Mit gerade mal acht Jahren starb sie zu Hause bei ihrer Familie in Kabul nach einem Rückfall. Der Tumor in ihrem Kopf, im Jahr 2009 in einer vierstündigen Not-OP im Johannes Wesling Klinikum Minden entfernt, war erneut gewachsen. Der Tumor des Kleinhirns heißt Medulloblastom, wächst enorm schnell und ist bösartig.
In Afghanistan kann man ihr auch beim zweiten Mal nicht helfen. Nach jahrelangem Krieg ist das Gesundheitssystem fast zusammengebrochen. Moderne Impfstoffe sind nicht verfügbar, selbst gegen Tollwut kommt man nicht an: "Dort können die Ärzte nur hilflos zuschauen, wie tagtäglich Kinder daran sterben", beschreibt Dr. Bernhard Erdlenbruch, Chefarzt der Kinderklinik, die miserablen Bedingungen vor Ort. Der Kontakt zwischen dem Klinikum Minden und Azizahs Familie war seit ihrem Aufenthalt in Deutschland aufrechterhalten worden.
Zurück in Afghanistan: Als ihre Haare nach der Therapie wieder wuchsen, kam auch der Tumor zurück. | Foto: pr
So stellte sich die Frage: Sollen wir das Mädchen ein zweites Mal nach Minden holen, um die Operation zu wiederholen? Dr. Erdlenbruch und seine Kollegen haben das Für und Wider abgewogen und sich schließlich gegen eine zweite Operation entschieden. Denn die Prognose, wieder gesund zu werden, sei nach einem Rückfall deutlich schlechter als beim ersten Mal. Darüber hinaus müsste man das kranke Kind erneut der Strapaze einer langen Reise aussetzen. "Der Aufwand stand in keinem Verhältnis zur kleinen Restchance", so Erdlenbruch.
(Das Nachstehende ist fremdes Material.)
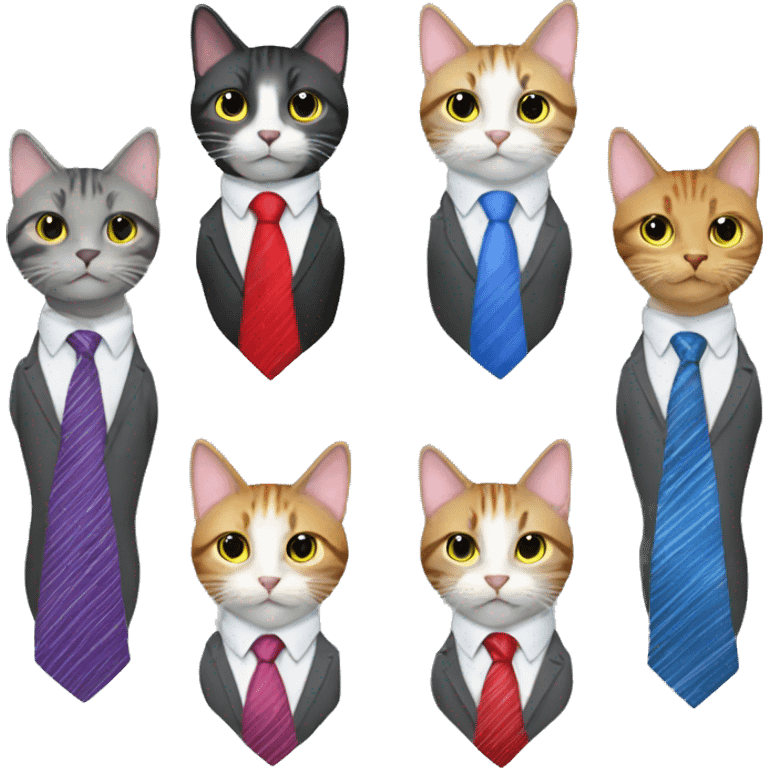 5 cats wearing neckties emoji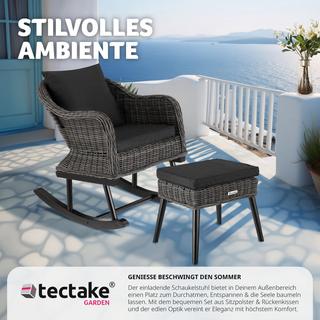 Tectake Rattan Schaukelstuhl Rovigo 150kg  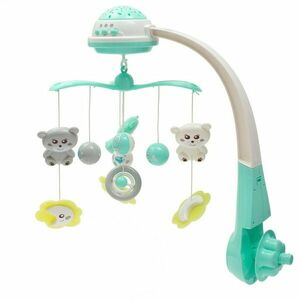 Baby Mix körhinta a kiságy felett fényvetítővel, zöld színű kép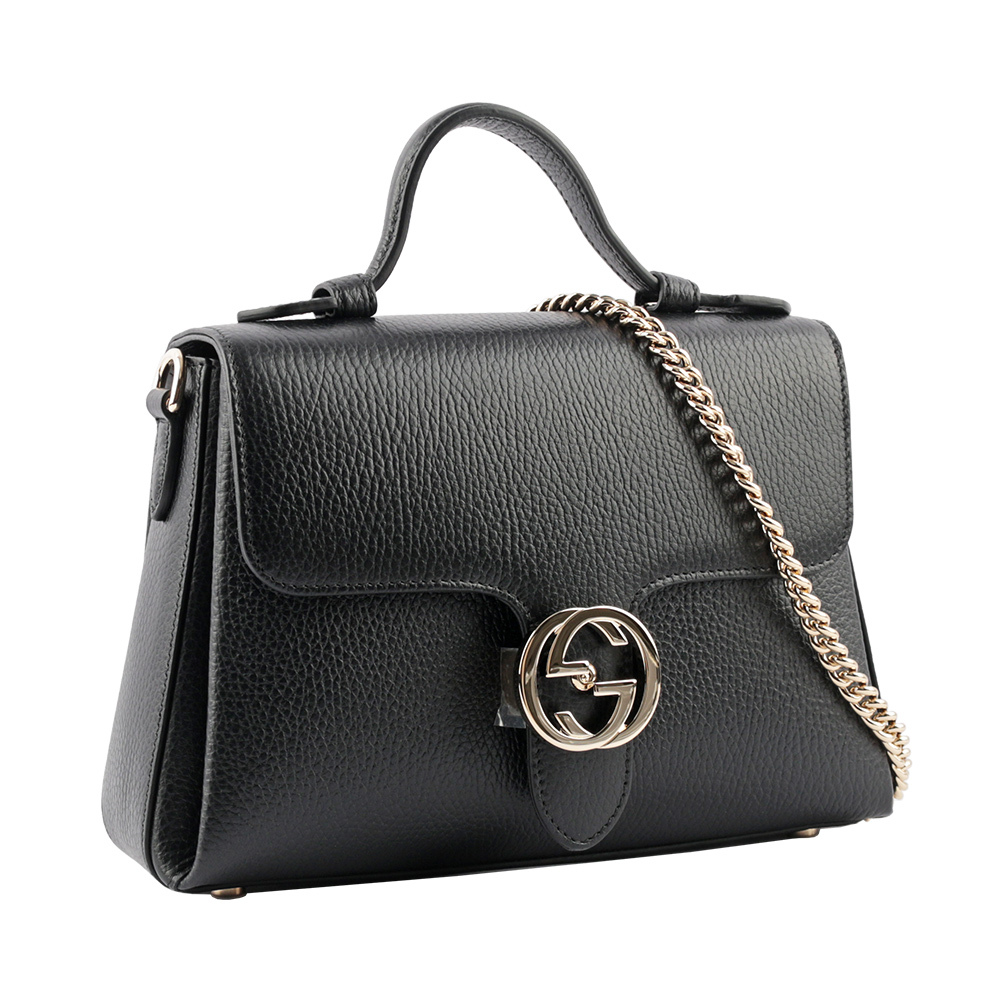 【GUCCI】金屬雙G Logo 荔枝皮革梯形二用鍊包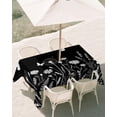 thumbnail image 2 of 52x70 Inch Outdoor Tablecloth with Umbrella Hole Zipper Rectangle Black White Wildflowers Rectangular Tablecloths Outside Waterproof Farmhouse Dandelions Botanical Patio Table Cloth Cover for Picnic, 2 of 8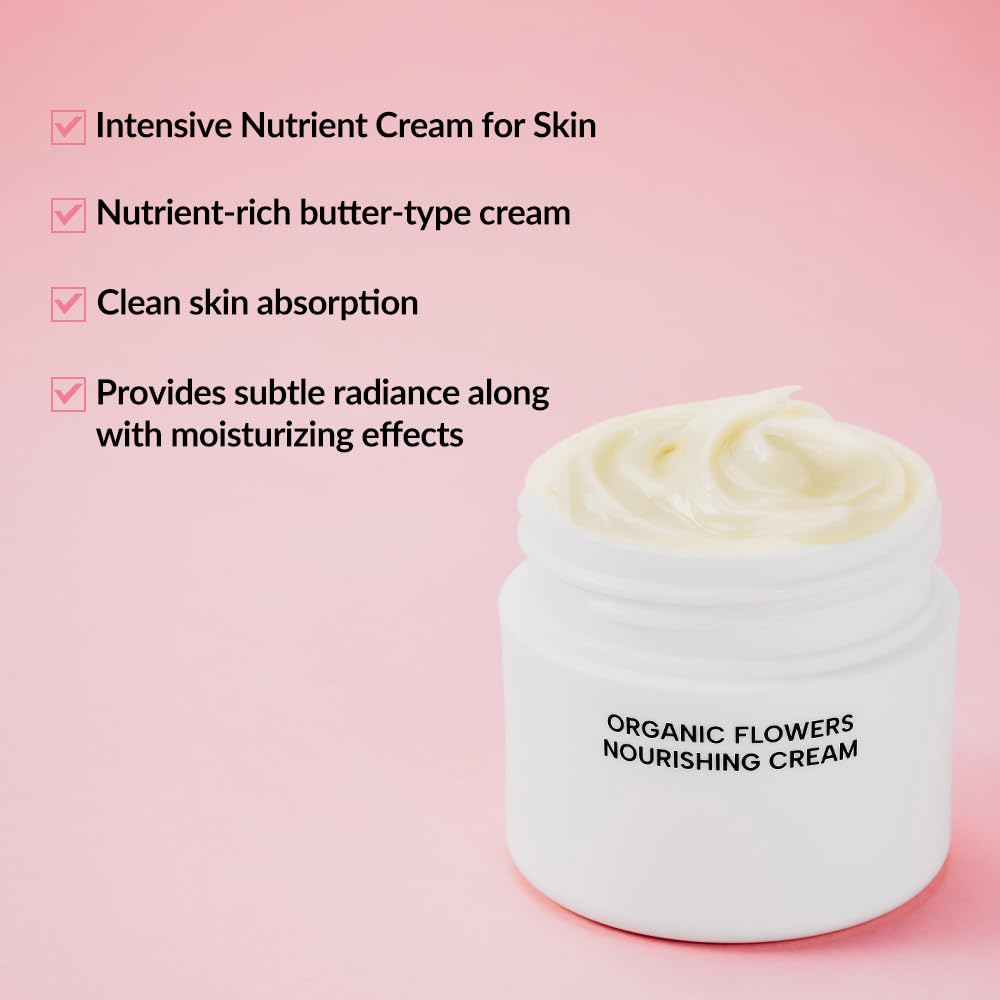 Whamisa Organic Flowers Nourishing Cream, 95.2% Organic, Waterless Formula, Fermented Ingredient Formula for Deep Hydration & Skin Comfort
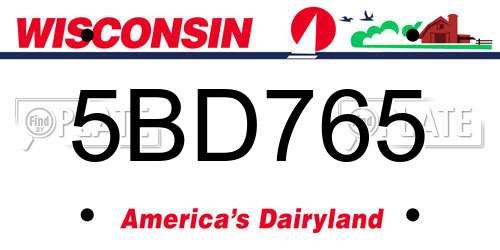 5BD765 Wisconsin License Plate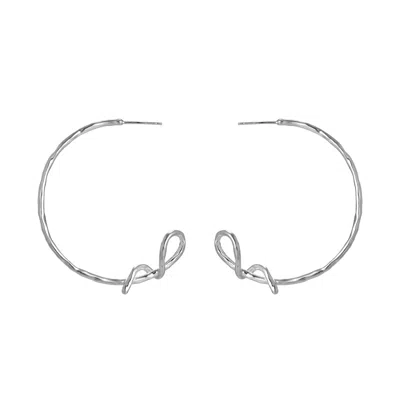 Every Wave Women's Silver Ribbon - Bold Large Twist Hoop Earrings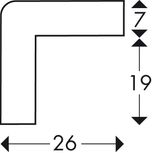 Hoekbescherming - kunststof stootbescherming voor hoeken - 26x26mm type E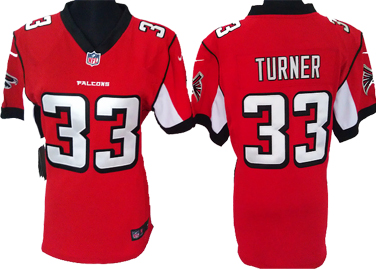 NIKE Atlanta Falcons #33 Michael Turner women jersey in red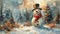 holiday snowman illustration, charming watercolor artwork, a cheerful snowman in a top hat and striped scarf amid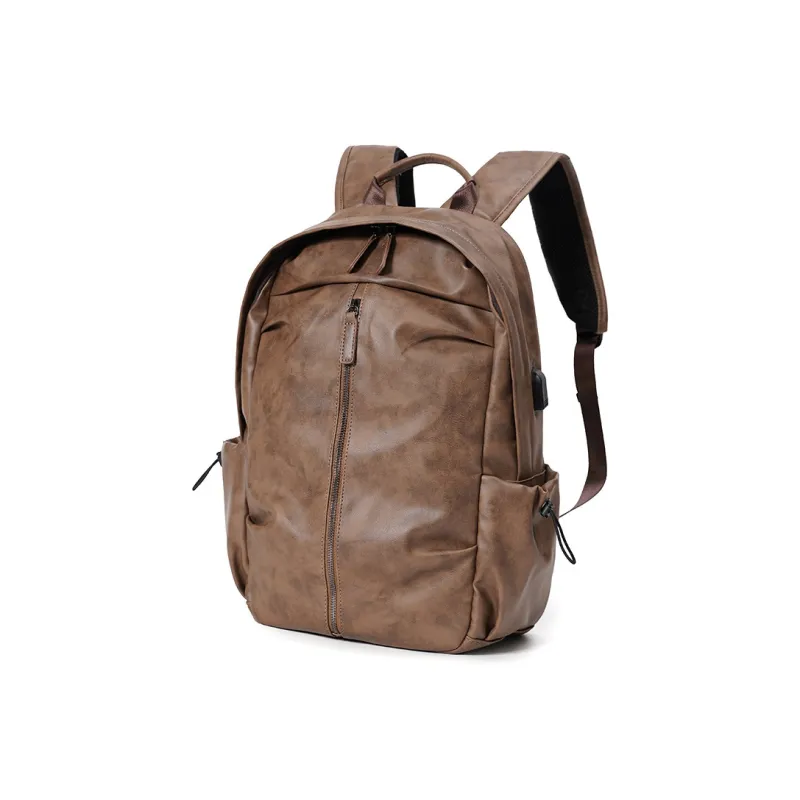 VIHUS PU Backpack Men's Khaki/Black-0
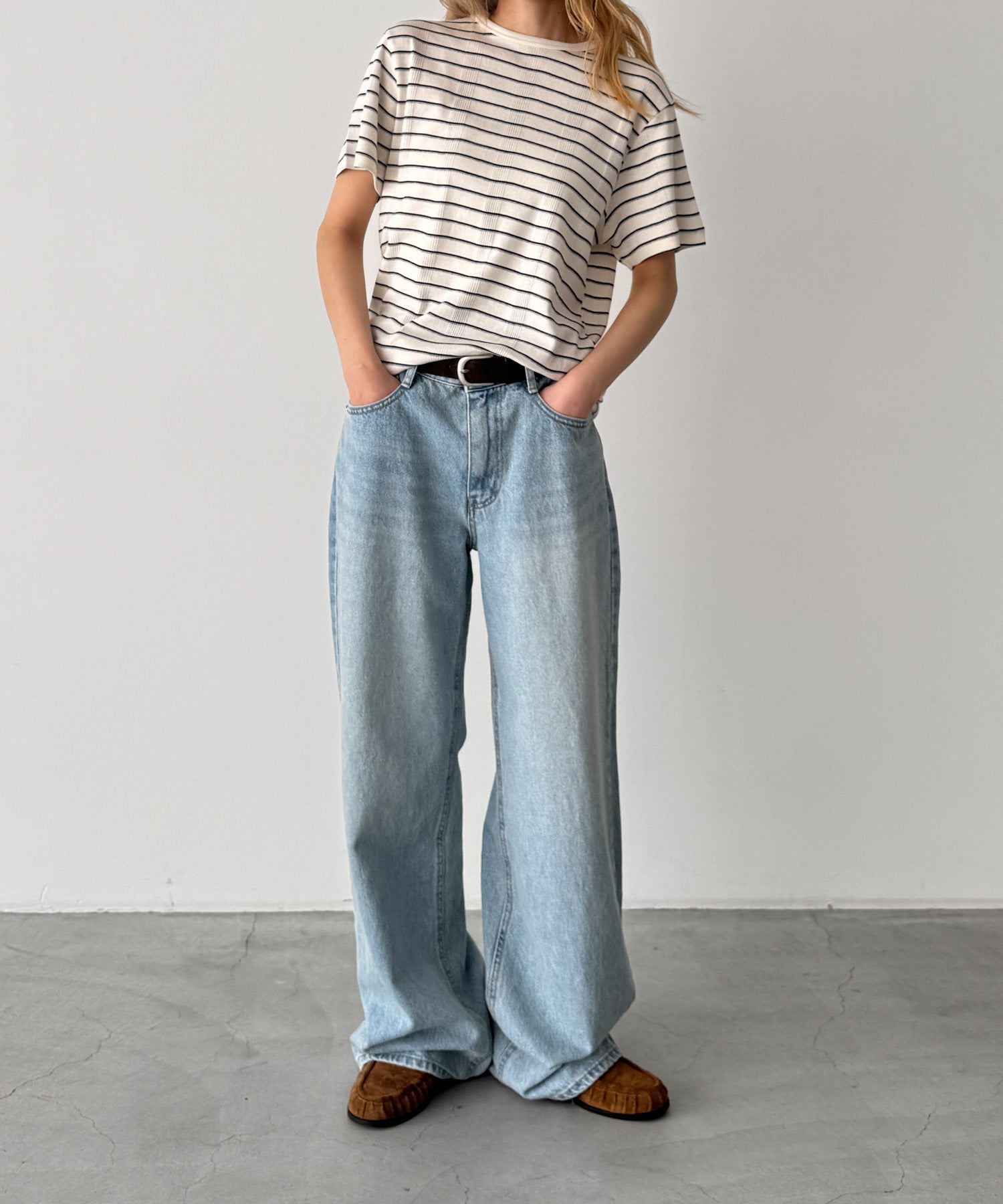 パネルリブクルーネックTシャツ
Trauerfeier in der Klinikums-Kapelle
Und vor allem wäre die erneute Wiedereingliederung in ihre Heimat noch schwieriger als beim ersten Mal, so die Befürchtung. Denn nach einem Jahr gefiel es dem Mädchen hier richtig gut: "Sie hat perfekt Deutsch gesprochen, wurde verwöhnt und beschenkt. Die große Aufmerksamkeit bei uns im Eltern-Kind-Zentrum hat sie sichtbar genossen", erinnert sich Elki-Erzieherin Claudia Driftmann. Umgekehrt war das Mädchen mit den brauen Kulleraugen aber auch ein Naturtalent darin, Leute um den Finger zu wickeln. Trotz Chemotherapie zeigte sie eine rasche Auffassungsgabe, war lebhaft und witzig. Sie eroberte Herzen im Sturm. Entsprechend schwer fielen der Abschied und die Rückkehr nach Afghanistan. "Sie wollte nicht zurück", sagt Claudia Driftmann rückblickend. Kinder empfinden ein Jahr als unendlich lang. Azizah zeigte ihre bockige Seite.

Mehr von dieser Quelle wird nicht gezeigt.